Data below:
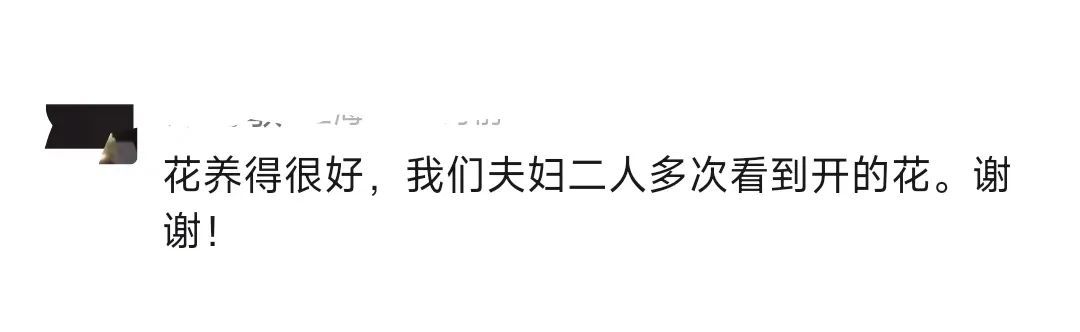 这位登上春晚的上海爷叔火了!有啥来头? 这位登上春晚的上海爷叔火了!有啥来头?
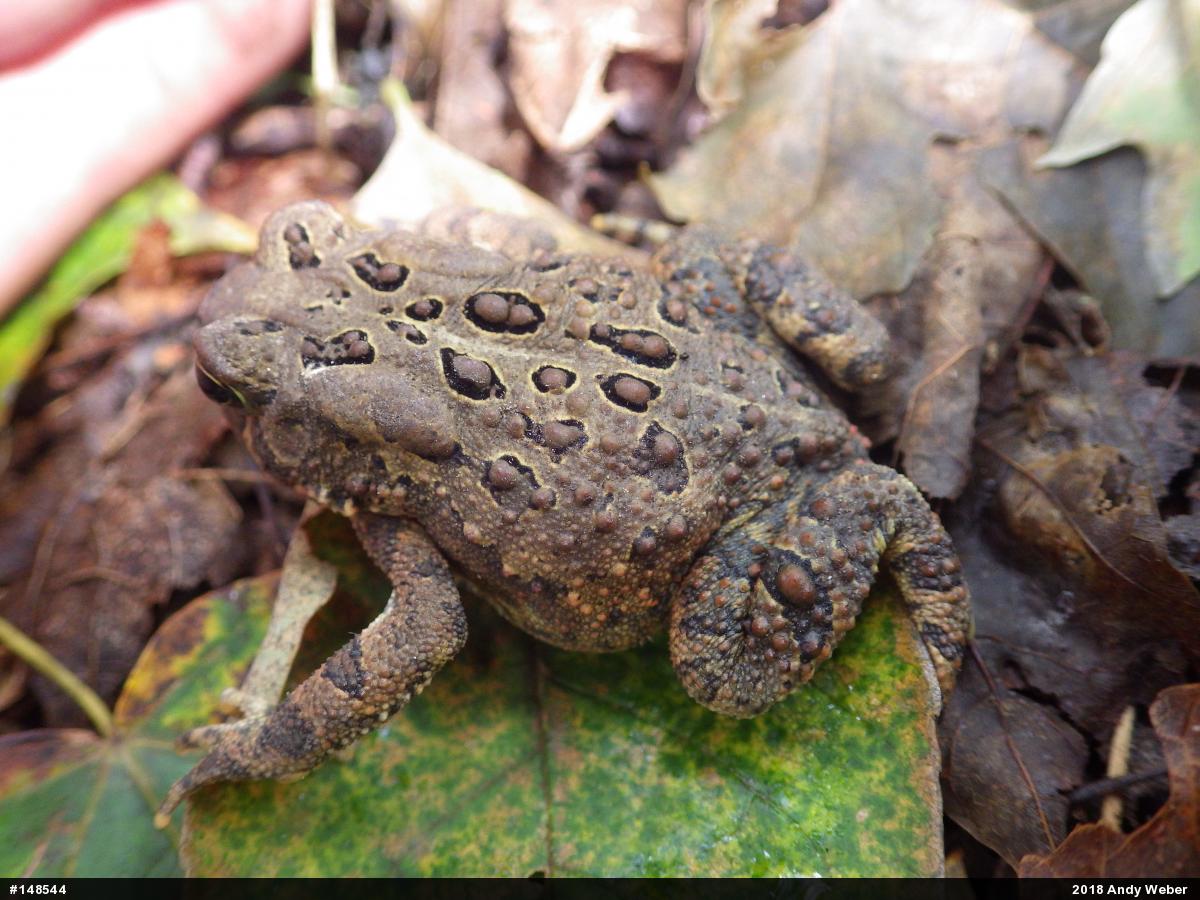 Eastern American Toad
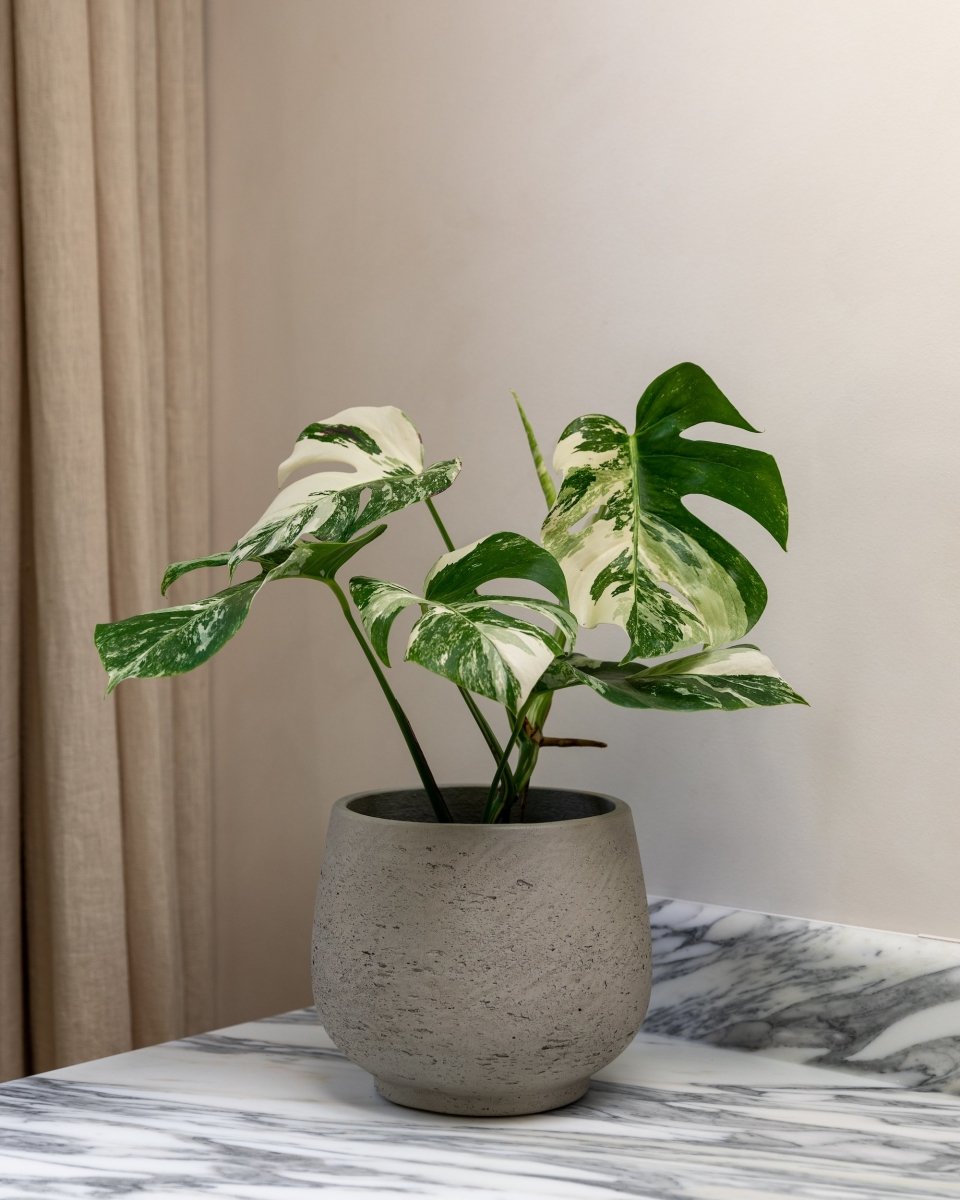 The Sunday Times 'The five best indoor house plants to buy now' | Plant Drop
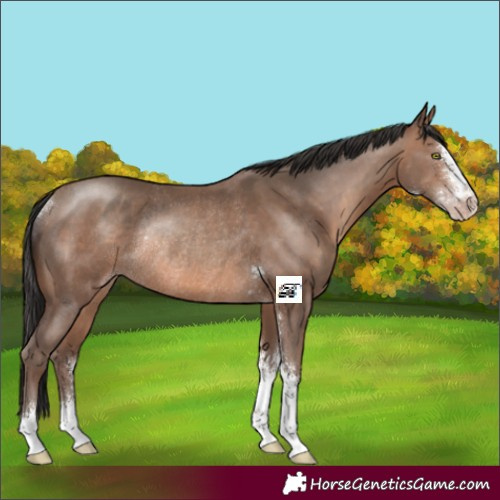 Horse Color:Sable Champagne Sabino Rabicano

To do: In your copy, include no pictures and only the lines from the line with "The Sunday Times" through the final line of the listing above, reproduced exactly.

Task response:
 The Sunday Times 'The five best indoor house plants to buy now' | Plant Drop
 Horse Color:Sable Champagne Sabino Rabicano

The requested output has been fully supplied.